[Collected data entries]
==========

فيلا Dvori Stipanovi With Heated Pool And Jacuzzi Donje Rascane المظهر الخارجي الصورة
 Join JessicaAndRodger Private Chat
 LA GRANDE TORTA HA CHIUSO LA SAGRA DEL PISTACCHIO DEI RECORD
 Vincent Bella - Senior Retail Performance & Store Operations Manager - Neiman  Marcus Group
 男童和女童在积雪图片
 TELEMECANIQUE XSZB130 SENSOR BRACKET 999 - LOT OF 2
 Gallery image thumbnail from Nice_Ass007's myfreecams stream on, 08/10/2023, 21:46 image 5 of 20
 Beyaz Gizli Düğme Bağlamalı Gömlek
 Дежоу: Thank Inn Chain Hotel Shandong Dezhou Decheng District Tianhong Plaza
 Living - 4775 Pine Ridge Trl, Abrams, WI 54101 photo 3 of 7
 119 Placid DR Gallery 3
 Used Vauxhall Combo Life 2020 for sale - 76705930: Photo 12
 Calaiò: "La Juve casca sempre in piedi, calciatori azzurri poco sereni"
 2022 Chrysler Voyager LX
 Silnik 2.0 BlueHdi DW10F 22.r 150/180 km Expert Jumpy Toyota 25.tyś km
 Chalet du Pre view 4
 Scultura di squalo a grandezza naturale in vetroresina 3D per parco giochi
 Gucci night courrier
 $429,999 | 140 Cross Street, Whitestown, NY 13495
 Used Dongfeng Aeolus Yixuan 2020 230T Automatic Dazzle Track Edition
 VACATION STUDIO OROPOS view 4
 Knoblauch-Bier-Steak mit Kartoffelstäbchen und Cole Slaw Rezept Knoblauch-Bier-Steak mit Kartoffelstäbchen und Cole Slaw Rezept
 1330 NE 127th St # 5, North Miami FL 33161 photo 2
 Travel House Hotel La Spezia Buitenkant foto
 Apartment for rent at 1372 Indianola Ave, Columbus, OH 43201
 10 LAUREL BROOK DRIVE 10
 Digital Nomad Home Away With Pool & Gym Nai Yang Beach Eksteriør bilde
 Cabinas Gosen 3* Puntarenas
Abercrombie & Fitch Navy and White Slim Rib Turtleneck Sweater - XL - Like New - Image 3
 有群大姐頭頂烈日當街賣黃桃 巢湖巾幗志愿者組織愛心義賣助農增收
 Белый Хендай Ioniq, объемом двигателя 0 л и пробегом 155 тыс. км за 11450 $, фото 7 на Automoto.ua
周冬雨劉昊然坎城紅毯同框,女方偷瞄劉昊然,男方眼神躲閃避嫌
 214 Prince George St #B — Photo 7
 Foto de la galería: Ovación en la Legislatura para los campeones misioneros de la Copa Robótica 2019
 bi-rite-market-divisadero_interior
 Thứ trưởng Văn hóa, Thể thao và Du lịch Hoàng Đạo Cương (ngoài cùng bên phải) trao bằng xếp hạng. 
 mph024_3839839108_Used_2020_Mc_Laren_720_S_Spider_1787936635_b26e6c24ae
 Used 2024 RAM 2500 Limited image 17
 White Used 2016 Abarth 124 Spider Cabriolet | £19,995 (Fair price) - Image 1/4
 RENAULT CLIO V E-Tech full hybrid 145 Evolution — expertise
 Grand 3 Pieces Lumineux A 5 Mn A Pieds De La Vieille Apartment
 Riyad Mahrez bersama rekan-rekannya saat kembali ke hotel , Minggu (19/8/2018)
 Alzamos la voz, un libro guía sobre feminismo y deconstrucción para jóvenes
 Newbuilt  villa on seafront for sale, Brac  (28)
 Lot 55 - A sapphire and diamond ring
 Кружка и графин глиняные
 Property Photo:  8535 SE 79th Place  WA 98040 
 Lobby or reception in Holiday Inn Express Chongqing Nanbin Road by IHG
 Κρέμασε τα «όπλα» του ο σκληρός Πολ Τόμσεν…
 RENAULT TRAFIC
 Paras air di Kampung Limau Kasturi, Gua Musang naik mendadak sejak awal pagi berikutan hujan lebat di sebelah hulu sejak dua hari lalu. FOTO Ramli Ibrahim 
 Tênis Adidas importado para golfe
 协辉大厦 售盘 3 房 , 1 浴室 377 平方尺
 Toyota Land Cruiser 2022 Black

==========

Please transcribe the records exactly from their first line through the line holding "Beyaz Gizli Düğme Bağlamalı Gömlek", and leave out all others.

فيلا Dvori Stipanovi With Heated Pool And Jacuzzi Donje Rascane المظهر الخارجي الصورة
 Join JessicaAndRodger Private Chat
 LA GRANDE TORTA HA CHIUSO LA SAGRA DEL PISTACCHIO DEI RECORD
 Vincent Bella - Senior Retail Performance & Store Operations Manager - Neiman  Marcus Group
 男童和女童在积雪图片
 TELEMECANIQUE XSZB130 SENSOR BRACKET 999 - LOT OF 2
 Gallery image thumbnail from Nice_Ass007's myfreecams stream on, 08/10/2023, 21:46 image 5 of 20
 Beyaz Gizli Düğme Bağlamalı Gömlek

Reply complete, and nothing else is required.